Do you possibly have any spaces in the file, perhaps between the = signs? a -13 error can be caused by spaces in the creds file, as per the following link. http://thinkinginsoftware.blogspot.com/2011/09/cifs-vfs-cifsmount-failed-return-code.html

My own thinking also wonders if this might be due to an encoding issue with the file itself. What does file -bi /etc/auto.creds.svc_account return? Perhaps there is a stray control character? What does opening the file with vim and running :set list show? Perhaps it wasn't an issue before because the encoding used only "blows up" on certain characters which were not present in the password until now. The easiest way to troubleshoot this would be to recreate the file and try again, or compare the old working password with the new one and determine what new special characters may have been introduced.

4
  • There are no spaces. file -bi /etc/auto.creds.svc_account gives me: text/plain; charset=us-ascii. Unfortunately, the previous password was just alphanumeric. All of the non-alphanumeric characters in the example password above were introduced. :)
    – Steve
    May 21, 2014 at 9:06
  • What about opening the file with vim and trying :set list? Any control characters where you wouldn't expect them? May 21, 2014 at 13:02
  • Nothing other than the $ characters that it shows for line endings.
    – Steve
    May 21, 2014 at 15:39
  • Try moving the password back into fstab and see if it makes a difference, just temporarily. If it works in fstab, recreate a credentials file in /etc with 0600 permissions and see if that works. If it doesn't work in fstab, just choose a different password and make your life easier. May 25, 2014 at 16:06
1

I don't know if this is way too late to answer this, but for anybody else having this issue, I just spent a couple of hours banging my head against a wall with a CentOS6 VM trying to access cifs shares on the Windows 7 host.

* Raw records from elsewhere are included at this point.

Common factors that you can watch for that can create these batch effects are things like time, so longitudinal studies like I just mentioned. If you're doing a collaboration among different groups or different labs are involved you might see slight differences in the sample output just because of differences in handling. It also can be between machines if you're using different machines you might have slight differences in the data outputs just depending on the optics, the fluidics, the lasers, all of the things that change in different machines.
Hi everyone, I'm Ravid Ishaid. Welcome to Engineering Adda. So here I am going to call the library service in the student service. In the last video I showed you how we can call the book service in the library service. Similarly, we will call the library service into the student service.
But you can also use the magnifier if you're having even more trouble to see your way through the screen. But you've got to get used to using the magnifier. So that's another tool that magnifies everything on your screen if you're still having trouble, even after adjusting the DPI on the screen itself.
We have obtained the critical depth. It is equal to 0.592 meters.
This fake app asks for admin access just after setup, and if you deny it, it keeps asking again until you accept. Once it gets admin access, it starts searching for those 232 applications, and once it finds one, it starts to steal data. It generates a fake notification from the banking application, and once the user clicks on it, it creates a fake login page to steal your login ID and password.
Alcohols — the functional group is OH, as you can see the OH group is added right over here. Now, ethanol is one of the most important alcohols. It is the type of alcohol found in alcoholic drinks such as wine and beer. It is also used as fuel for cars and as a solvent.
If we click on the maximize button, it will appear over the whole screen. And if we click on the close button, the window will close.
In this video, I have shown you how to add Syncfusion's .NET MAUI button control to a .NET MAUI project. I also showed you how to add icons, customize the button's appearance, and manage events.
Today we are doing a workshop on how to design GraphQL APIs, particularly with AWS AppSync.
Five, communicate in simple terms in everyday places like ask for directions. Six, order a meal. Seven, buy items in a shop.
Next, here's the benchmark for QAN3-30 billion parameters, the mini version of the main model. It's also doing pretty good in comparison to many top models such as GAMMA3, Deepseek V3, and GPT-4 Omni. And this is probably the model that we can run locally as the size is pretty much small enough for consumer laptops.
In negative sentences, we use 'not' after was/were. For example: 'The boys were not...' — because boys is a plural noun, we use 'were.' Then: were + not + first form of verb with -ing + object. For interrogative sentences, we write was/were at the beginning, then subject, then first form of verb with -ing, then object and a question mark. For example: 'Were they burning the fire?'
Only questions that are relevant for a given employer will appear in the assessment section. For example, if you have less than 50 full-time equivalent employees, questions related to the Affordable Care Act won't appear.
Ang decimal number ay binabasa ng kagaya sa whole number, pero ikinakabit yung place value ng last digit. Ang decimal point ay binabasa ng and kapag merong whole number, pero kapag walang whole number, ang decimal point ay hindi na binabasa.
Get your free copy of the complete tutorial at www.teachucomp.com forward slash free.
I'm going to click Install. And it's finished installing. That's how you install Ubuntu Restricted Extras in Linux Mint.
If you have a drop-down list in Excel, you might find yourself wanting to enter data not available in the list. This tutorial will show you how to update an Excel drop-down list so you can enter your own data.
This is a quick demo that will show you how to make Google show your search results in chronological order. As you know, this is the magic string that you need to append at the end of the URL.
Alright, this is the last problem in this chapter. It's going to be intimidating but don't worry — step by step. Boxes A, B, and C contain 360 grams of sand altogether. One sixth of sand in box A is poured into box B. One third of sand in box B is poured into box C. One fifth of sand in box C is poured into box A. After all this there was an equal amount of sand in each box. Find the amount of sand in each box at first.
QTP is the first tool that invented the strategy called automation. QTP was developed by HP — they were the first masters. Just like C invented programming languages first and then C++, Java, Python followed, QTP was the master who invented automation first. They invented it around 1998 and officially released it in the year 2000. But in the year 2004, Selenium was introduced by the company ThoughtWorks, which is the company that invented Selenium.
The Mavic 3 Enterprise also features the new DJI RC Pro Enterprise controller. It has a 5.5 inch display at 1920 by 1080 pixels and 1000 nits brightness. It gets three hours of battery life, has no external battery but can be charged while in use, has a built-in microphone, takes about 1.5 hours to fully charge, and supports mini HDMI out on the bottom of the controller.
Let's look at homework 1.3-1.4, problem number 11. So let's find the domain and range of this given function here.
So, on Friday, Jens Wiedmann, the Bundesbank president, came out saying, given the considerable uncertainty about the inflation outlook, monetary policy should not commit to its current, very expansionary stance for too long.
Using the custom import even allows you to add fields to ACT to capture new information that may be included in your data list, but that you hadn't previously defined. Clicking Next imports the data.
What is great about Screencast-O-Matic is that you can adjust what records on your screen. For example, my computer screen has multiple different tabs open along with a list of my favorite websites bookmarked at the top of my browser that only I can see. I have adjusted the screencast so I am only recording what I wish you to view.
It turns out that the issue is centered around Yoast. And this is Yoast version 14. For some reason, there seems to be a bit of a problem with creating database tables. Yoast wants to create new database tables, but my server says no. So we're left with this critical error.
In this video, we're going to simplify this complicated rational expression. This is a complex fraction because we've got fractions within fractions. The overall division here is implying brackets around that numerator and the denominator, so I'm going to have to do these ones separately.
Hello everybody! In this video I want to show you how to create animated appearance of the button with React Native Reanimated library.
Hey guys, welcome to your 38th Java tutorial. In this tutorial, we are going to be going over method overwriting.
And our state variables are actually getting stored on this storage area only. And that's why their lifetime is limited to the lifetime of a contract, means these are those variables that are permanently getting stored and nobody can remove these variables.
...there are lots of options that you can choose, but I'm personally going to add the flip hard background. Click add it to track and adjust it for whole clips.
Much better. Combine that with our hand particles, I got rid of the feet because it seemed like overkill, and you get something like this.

In the end, what worked for me was changing the password line in the credentials file to use "pass" as the parameter name. e.g.

user=myUserName
domain=MYDOMAIN
pass=myStrongPasswordWithSpecialCharacters

I don't know if something about the special characters in the password screwed something up when the file was parsed, but I noticed that username and password were being parsed to user and pass, so decided to cut that step out by putting those values directly in the file.

Hope this helps somebody.

0

You should be able to use octal ASCII codes for special characters, e.g.:

SPACE = \040
AMPERSAND = \046

Consult ASCII table here: http://www.asciitable.com/

Solution found on: http://www.linuxforums.org/forum/ubuntu-linux/175662-solved-fstab-special-characters.html

1
  • This handles the parsing of /etc/fstab, not of credentials files.